May 18, 2007 (LBO) – The Colombo Tea Traders’ Association (CTTA) said Friday the industry was strongly opposed to government plans to increase the tea export cess. Funds could also be used for promoting Sri Lankan owned brands, stimulating value-added exports, facilitating food hygiene initiatives and supplementing research programmes. It also accused the government of violating the basic principles of the export cess scheme and of acting in bad faith in going back on previous pledges of financial aid.
The CTTA said in a statement that the industry reliably learns the Treasury is contemplating increasing the tea cess by two rupees a kilo.

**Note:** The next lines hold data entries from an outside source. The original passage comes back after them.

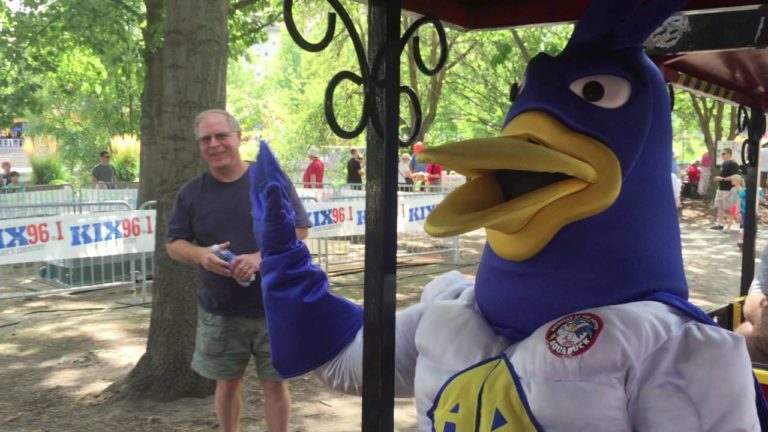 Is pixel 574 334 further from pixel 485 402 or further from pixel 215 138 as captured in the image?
pixel 215 138

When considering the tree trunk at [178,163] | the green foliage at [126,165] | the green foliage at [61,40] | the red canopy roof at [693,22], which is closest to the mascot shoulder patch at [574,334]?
the red canopy roof at [693,22]

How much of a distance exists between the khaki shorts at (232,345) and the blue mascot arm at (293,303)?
1.90 metres

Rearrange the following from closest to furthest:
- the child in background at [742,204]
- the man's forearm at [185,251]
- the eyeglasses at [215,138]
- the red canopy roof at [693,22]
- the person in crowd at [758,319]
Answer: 1. the red canopy roof at [693,22]
2. the person in crowd at [758,319]
3. the man's forearm at [185,251]
4. the eyeglasses at [215,138]
5. the child in background at [742,204]

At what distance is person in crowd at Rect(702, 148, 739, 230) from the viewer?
16484 mm

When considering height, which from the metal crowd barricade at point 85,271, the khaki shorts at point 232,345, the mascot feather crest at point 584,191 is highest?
the mascot feather crest at point 584,191

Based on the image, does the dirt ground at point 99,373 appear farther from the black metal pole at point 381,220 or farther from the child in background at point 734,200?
the child in background at point 734,200

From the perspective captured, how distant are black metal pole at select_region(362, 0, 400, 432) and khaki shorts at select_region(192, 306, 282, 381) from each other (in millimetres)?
2154

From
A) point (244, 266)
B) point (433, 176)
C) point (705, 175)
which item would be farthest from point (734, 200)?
point (244, 266)

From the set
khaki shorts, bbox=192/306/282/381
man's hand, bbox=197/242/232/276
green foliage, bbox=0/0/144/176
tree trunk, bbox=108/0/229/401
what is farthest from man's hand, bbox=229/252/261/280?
green foliage, bbox=0/0/144/176

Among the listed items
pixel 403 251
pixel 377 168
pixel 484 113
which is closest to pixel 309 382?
pixel 377 168

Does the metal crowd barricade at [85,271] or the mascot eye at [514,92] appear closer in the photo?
the mascot eye at [514,92]

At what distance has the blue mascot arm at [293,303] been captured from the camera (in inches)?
75.0

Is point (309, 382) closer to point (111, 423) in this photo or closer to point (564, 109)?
point (111, 423)

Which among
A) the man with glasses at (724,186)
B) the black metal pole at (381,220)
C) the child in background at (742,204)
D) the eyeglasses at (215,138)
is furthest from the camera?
the man with glasses at (724,186) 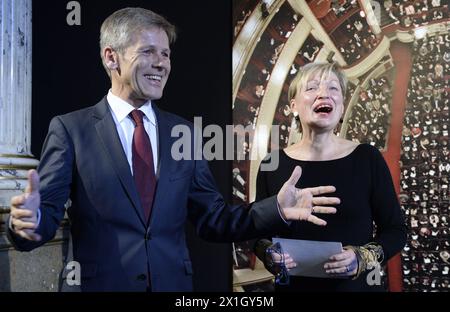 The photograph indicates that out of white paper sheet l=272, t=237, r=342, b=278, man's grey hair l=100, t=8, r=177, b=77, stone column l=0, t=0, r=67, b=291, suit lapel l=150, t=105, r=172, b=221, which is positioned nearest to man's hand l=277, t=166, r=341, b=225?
white paper sheet l=272, t=237, r=342, b=278

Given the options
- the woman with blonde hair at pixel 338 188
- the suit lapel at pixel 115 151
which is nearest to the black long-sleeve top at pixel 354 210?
the woman with blonde hair at pixel 338 188

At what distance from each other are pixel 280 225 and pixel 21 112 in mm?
1143

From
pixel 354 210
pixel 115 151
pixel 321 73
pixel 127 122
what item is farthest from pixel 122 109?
pixel 354 210

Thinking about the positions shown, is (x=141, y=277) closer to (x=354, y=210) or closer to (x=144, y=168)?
(x=144, y=168)

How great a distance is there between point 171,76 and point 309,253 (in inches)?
58.6

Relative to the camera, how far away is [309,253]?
1.91 meters

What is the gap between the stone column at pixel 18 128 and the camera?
82.9 inches

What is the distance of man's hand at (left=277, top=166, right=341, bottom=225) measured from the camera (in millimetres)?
1757

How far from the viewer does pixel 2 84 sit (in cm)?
220

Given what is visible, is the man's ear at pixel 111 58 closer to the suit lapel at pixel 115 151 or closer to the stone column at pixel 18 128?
the suit lapel at pixel 115 151

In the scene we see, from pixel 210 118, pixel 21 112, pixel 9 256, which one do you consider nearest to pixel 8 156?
pixel 21 112

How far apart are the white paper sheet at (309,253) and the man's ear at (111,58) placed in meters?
0.77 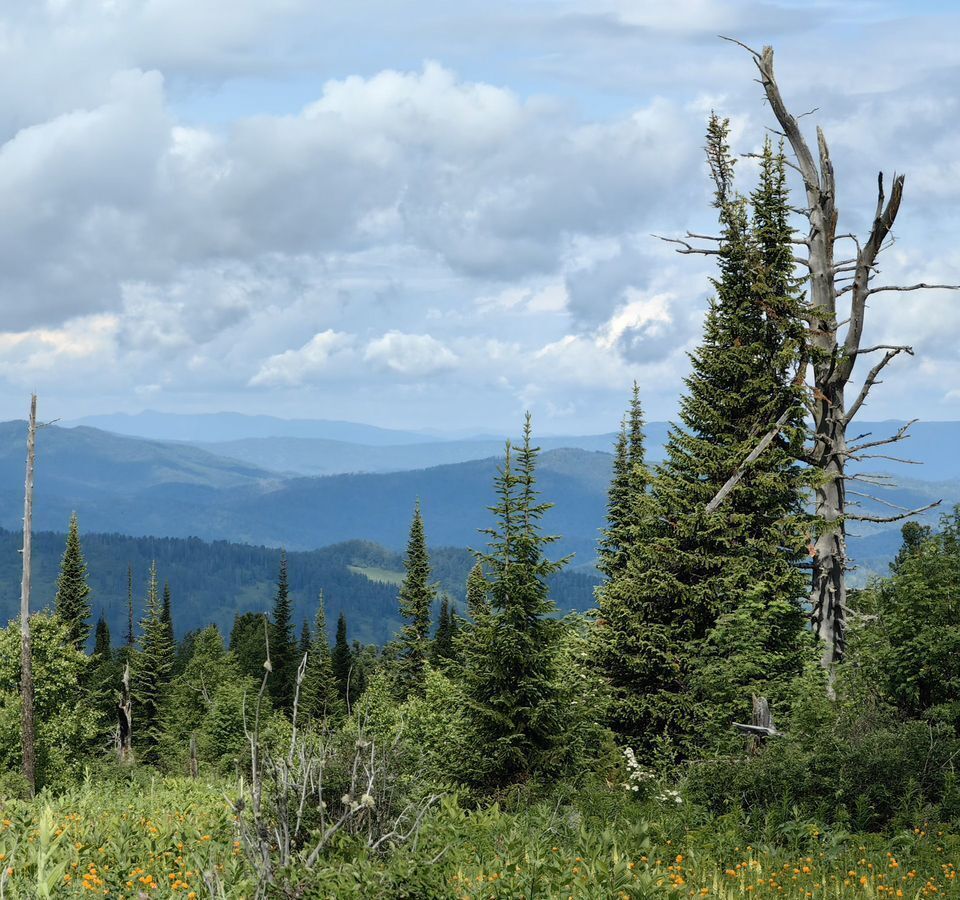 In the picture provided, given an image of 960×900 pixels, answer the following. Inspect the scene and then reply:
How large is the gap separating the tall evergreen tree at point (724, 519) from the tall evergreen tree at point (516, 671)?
2.85m

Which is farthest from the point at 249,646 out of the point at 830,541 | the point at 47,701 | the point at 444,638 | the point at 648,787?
the point at 648,787

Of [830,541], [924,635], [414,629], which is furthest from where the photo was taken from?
[414,629]

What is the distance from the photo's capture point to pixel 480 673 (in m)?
19.6

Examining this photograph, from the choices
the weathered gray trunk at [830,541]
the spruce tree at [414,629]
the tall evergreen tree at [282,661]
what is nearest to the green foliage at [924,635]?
the weathered gray trunk at [830,541]

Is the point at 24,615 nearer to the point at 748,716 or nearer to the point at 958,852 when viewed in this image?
the point at 748,716

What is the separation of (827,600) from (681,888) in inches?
542

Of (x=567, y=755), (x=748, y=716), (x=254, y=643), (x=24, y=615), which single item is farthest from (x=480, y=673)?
(x=254, y=643)

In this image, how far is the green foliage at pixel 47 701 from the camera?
45750 mm

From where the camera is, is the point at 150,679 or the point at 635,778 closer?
the point at 635,778

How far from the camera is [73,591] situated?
79.1m

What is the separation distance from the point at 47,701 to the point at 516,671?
38749 mm

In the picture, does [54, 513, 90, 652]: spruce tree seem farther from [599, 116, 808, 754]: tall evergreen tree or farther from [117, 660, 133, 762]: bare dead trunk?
[599, 116, 808, 754]: tall evergreen tree

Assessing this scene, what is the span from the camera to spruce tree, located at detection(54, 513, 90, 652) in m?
77.8

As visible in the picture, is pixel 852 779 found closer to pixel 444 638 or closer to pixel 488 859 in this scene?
pixel 488 859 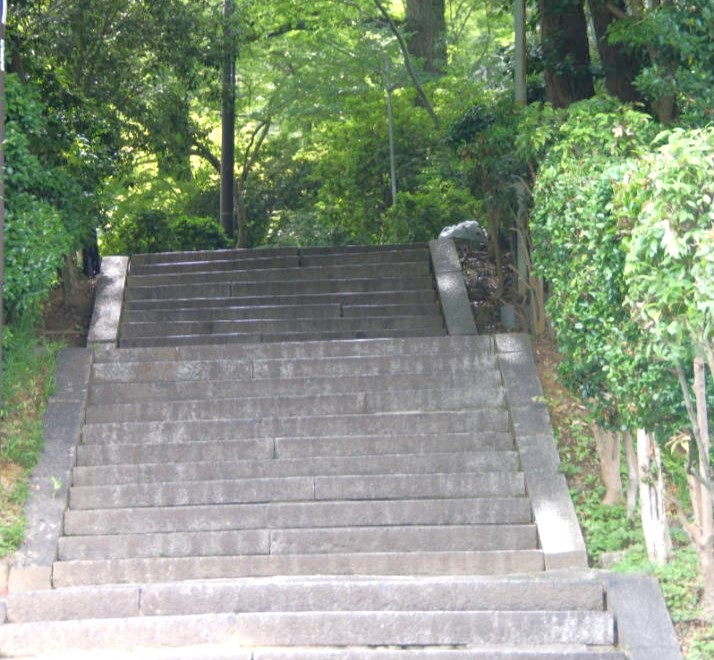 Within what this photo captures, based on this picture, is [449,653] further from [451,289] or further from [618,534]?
[451,289]

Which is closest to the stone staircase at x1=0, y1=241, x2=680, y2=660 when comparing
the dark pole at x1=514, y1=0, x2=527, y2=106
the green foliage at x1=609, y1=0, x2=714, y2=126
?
the dark pole at x1=514, y1=0, x2=527, y2=106

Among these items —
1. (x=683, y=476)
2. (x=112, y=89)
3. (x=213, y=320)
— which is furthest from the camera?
(x=112, y=89)

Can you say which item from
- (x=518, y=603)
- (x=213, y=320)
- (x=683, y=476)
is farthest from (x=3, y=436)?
(x=683, y=476)

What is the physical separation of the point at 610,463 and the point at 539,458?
60 cm

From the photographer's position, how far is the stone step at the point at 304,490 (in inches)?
341

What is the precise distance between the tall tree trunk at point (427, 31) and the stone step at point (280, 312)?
9310 millimetres

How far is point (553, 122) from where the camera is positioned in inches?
396

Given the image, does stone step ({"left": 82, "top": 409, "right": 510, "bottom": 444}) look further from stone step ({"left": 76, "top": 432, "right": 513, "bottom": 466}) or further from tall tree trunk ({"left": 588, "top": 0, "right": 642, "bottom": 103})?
tall tree trunk ({"left": 588, "top": 0, "right": 642, "bottom": 103})

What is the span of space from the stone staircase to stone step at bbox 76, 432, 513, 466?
17 mm

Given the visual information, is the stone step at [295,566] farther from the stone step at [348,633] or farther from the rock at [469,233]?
the rock at [469,233]

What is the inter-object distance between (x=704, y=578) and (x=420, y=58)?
13.7m

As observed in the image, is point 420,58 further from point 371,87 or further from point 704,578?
point 704,578

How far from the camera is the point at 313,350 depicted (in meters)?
10.7

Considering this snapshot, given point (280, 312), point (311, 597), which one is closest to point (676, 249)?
point (311, 597) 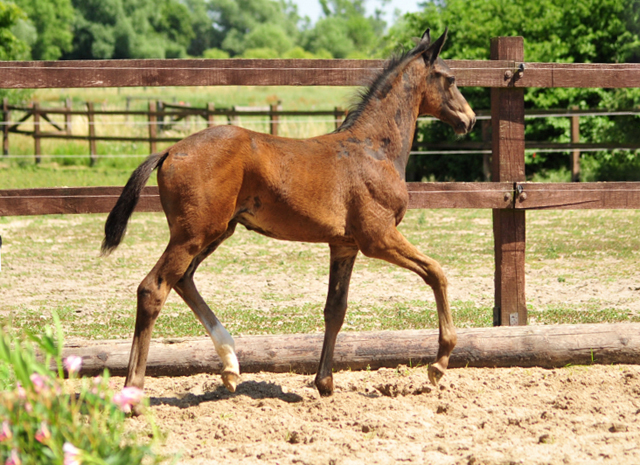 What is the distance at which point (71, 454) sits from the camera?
1949mm

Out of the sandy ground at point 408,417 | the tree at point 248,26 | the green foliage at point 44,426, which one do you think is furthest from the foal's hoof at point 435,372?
the tree at point 248,26

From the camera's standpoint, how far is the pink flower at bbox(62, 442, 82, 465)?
6.29ft

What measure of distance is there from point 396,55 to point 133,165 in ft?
51.9

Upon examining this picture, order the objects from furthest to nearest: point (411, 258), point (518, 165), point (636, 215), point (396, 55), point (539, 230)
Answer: point (636, 215)
point (539, 230)
point (518, 165)
point (396, 55)
point (411, 258)

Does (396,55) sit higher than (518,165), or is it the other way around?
(396,55)

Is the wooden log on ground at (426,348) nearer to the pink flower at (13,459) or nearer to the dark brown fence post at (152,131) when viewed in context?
the pink flower at (13,459)

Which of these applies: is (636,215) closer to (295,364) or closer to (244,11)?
(295,364)

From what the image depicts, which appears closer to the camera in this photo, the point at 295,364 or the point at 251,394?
the point at 251,394

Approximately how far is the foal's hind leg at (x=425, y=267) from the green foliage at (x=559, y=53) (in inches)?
490

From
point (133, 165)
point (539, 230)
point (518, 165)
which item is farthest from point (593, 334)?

“The tea industry is overwhelmingly opposed to this manoeuvre, as the imposition of any additional cess would have a distinctly negative impact on the industry,” the CTTA said.
The tea cess levy was increased by 1.50 rupees a kilo to four rupees from 2.50 rupees barely a year ago “in the face of strong resistance from the tea industry, spearheaded by the CTTA,” it said.
The association pointed out that the latest proposed increase by two rupees was ostensibly to provide some relief to the industry, “which should already have been afforded to it through the utilization of the funds currently being collected for that purpose.”
The tea industry has constantly complained that cess funds extracted from the industry were being misused by the government and not spent on the industry from which it is collected.
In recent statements, the CTTA highlighted instances of the inappropriate application of the limited funds ploughed back into the industry, that it said was “for the most part, being squandered on politically orientated initiatives, which brought no return or benefit to the industry.”
It has long been agitating that, as an industry body, it should be consulted on all aspects of the cess scheme, especially the proper allocation and disbursement of the considerable funds collected each year.
The CTTA statement also said existing problems in funds disbursement had been made worse by a recent decision taken in Parliament to consolidate at the Treasury all cess funds collected on exports of tea, as well as rubber.
This move provides for the disbursement of funds in accordance with priorities to be determined by the state fiscal authority, instead of being used exclusively for the benefit of the industry, the CTTA noted.
“This could mean that the industry may not necessarily be the beneficiary, in any form, of funds that have been speciously extracted from its stakeholders, which, originally, were directly assigned to and controlled by the line Ministry,” the CTTA said.
“This is a blatant violation of the fundamental principle of the Export Cess Scheme.”
The CTTA also noted that the plantation sector had been officially told that work already undertaken by producers, on the pledge that expenses incurred would be subsidized by cess funds, will now not receive any financial reimbursement.
“This is tantamount to a breach of trust, which will gravely damage the credibility of state agencies in the perception of the industry.”
Some of the priority areas identified by the industry for the investment of cess funds are enhancing productivity through re-planting, better application of fertiliser and the adoption of innovative agricultural practices.